No press release has ever been published by NASA on this, the only thing that's happened is that this research team has released one paper, which has not been peer reviewed or published in a journal. All we can do is examine that paper and judge it on it's merits. On that basis there are many serious flaws in the experimental apparatus and in their analysis of their results. We either recognise those as being flaws or discount them as being insignificant. That's up to our judgement.

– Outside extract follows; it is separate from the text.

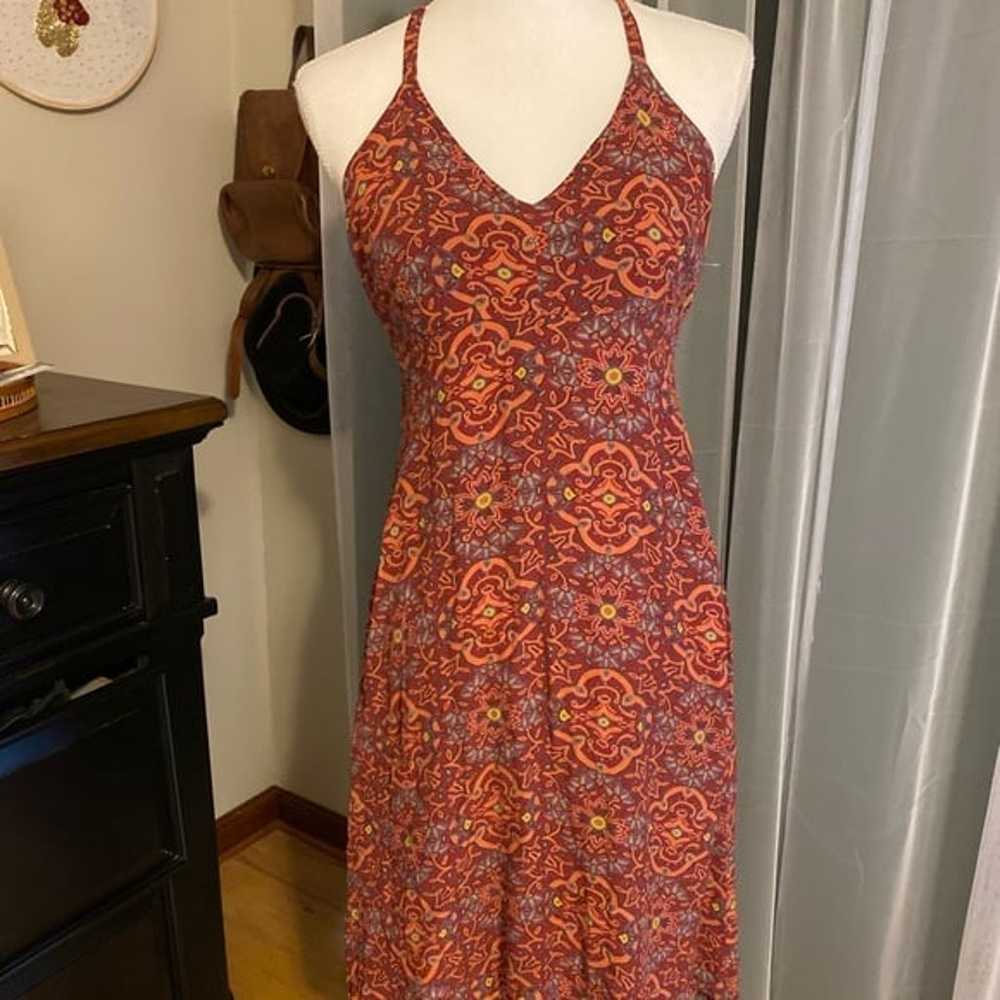 Vintage 90’s GAP silky boho ornate halter dress - image 1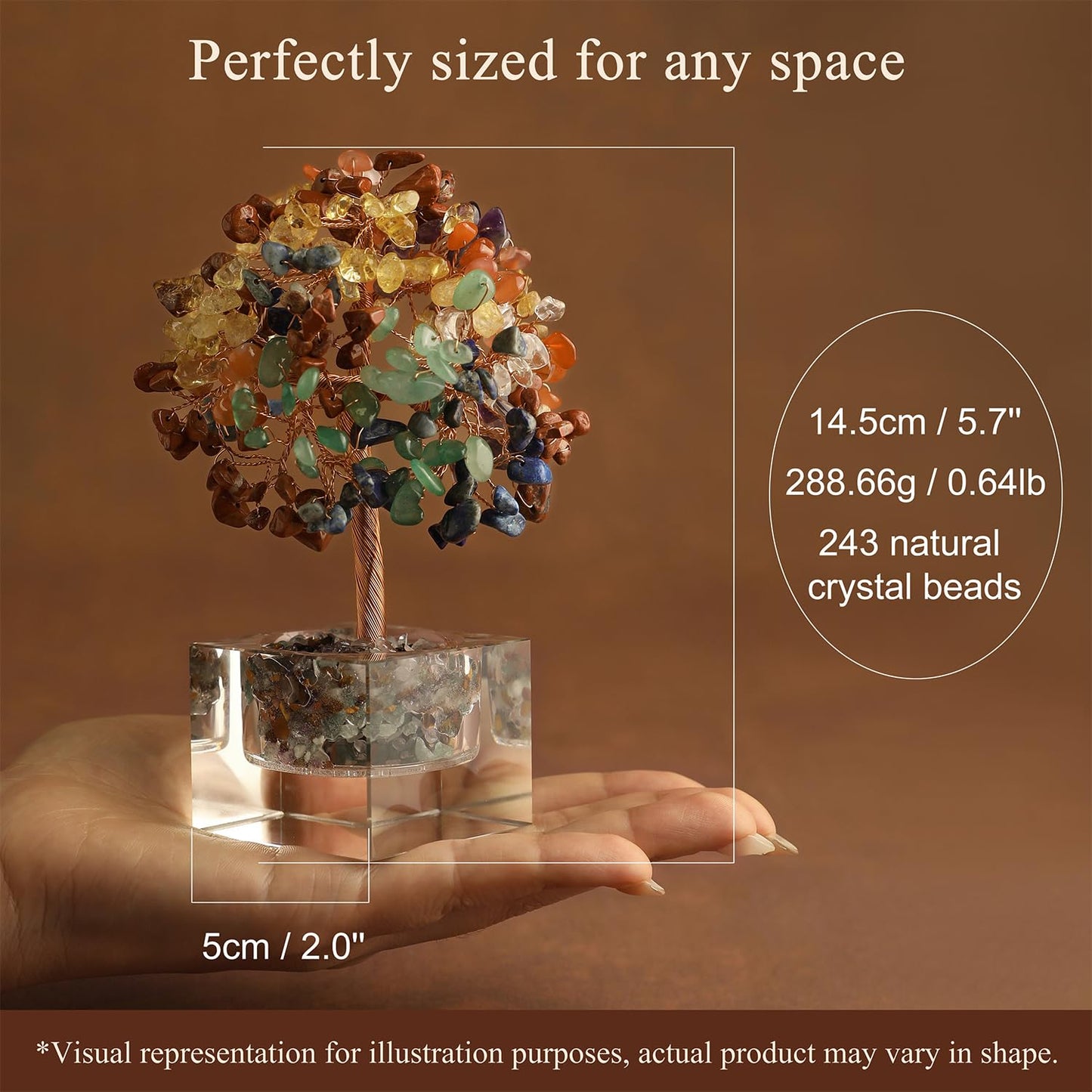 Crystal Tree for Home Decor 5.7 Inch Carnelian Gem Tree with 243 Stones, Spiritual Decor, Crystal Healing Tree, Energy Tree for Meditation, Gift for Women and Men, Handmade Feng Shui Bonsai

For my part if I can think of several factors that could cause this result to be invalid and the published paper says nothing about eliminating or accounting for those factors. To my mind, that's a problem with the credibility of the paper. If they did account for those factors and did eliminate them from the possible sources of error and just didn't bother to report that in the paper, then at a minimum the authorship of the paper was incompetent. If they didn't consider those sources of error in the design of the experiment, or in estimations of error factors, then the experimental design was incompetent.

This is just the sort of result I'd expect coming out of a simulated or fake universe.

These are exactly the kinds of results I'd expect in a universe with air convection due to heating, and in which the interaction of high powered electronics with the earth's ambient magnetic field can cause lateral forces of similar scale to the ones they measured.

Simon Hibbs
 
Maybe, but I'm just having fun, while the story lasts. If NASA conducted an experiment where something actually levitated or went into space, it would be hard to account for that with experimental error alone. I would say if they did an experiment where accelerations in excess of that produced by gravity were generated and something went into space without propellant and the object was tracked by radar, it would be hard to say that was experimental error. Another way to test it would be to launch the apparatus into orbit and see if it can change orbits without expending propellants. Experiments done on the surface of the Earth are flawed. Why are they measuring micronewtons or millinewtons, when they could be generating forces of hundreds of newtons which nobody could dispute. When ever there are measurements in such tiny increments, someone could always say, oops, the apparatus was not in balance, experimental error, if something is actually hovering and going into space, it would be hard to disprove. As for cold fusion, somebody should have built a car that ran on the energy produced, instead of a table top experiment.